Thinking about adding PR to the mix? Ask yourself first if you’re in it for the long haul.

Entrepreneurs and small business owners often come to me because they want
immediate consumer media coverage for their products or service. They are
particularly eager to know how their product can make it immediately on TODAY, or
in various ‘Top 10 Best Products’ lists. Garnering this type of coverage on its
own – without a rushed timeline – is challenging enough to accomplish, but
throw in some serious chomping at the bit, and it can be nearly
impossible to achieve on a short deadline.

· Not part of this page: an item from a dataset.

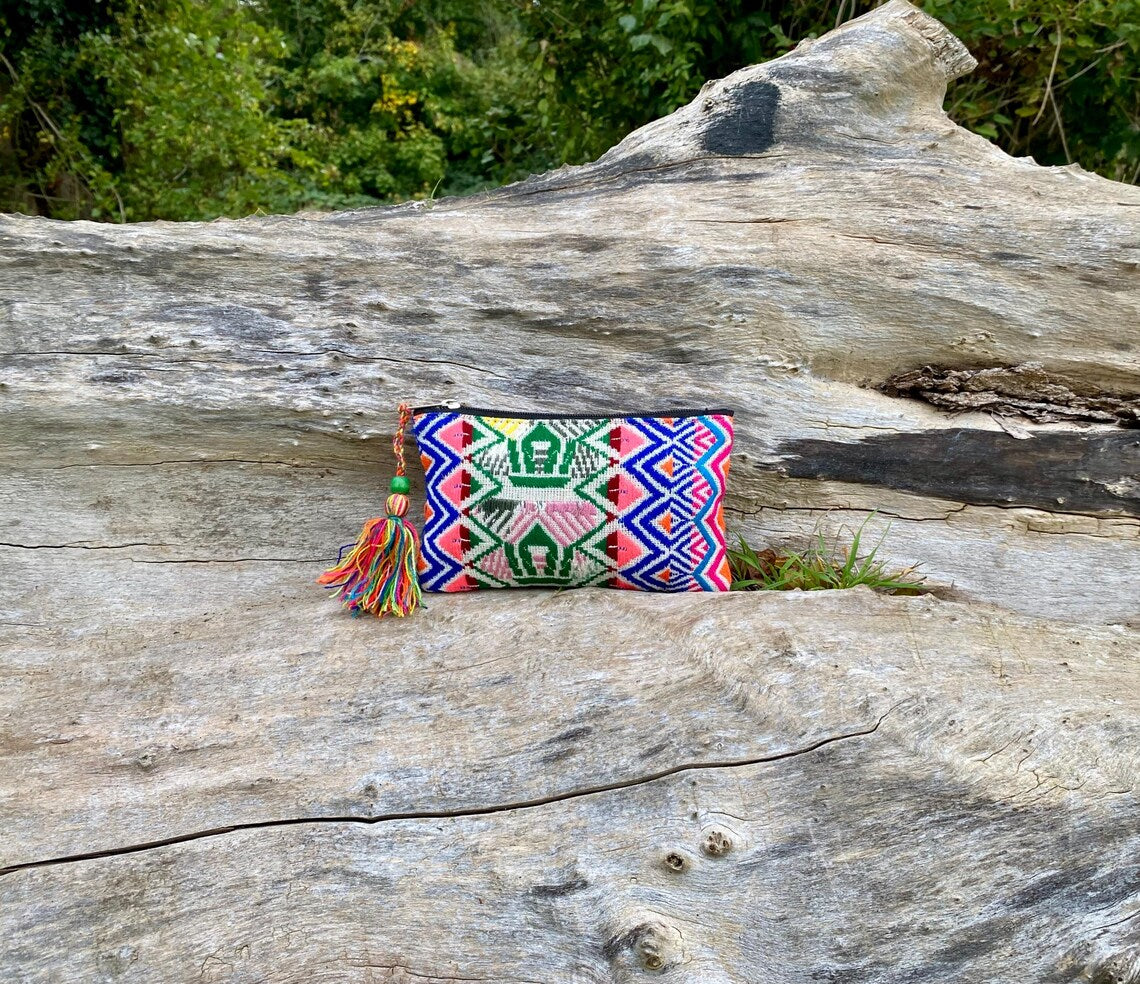 Upcycled Hand-loomed Purse - Mangrove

To be clear, I’m not talking about breaking news that a company needs to
disseminate because it is in the immediate interest of public safety or health
(food recalls), or sudden events affecting a company (building fire or death of
a CEO) and its shareholders. That news will get immediate media pickup. I’m
referring to brands that, throughout the year, will have news and announcements
to relay to their constituents and prospects, while competing with competitors
for editorial space.

While I wish we PR folks could snap our fingers and get immediate TODAY
coverage or inclusion in a Top 10 list, that’s typically not how public
relations works. Yes, I have managed to get many clients on TODAY as well as on
coveted Top 10 lists, but it’s not something that happens quickly. Rather, it
takes planning, deliberation, good timing, and a commitment to the long haul.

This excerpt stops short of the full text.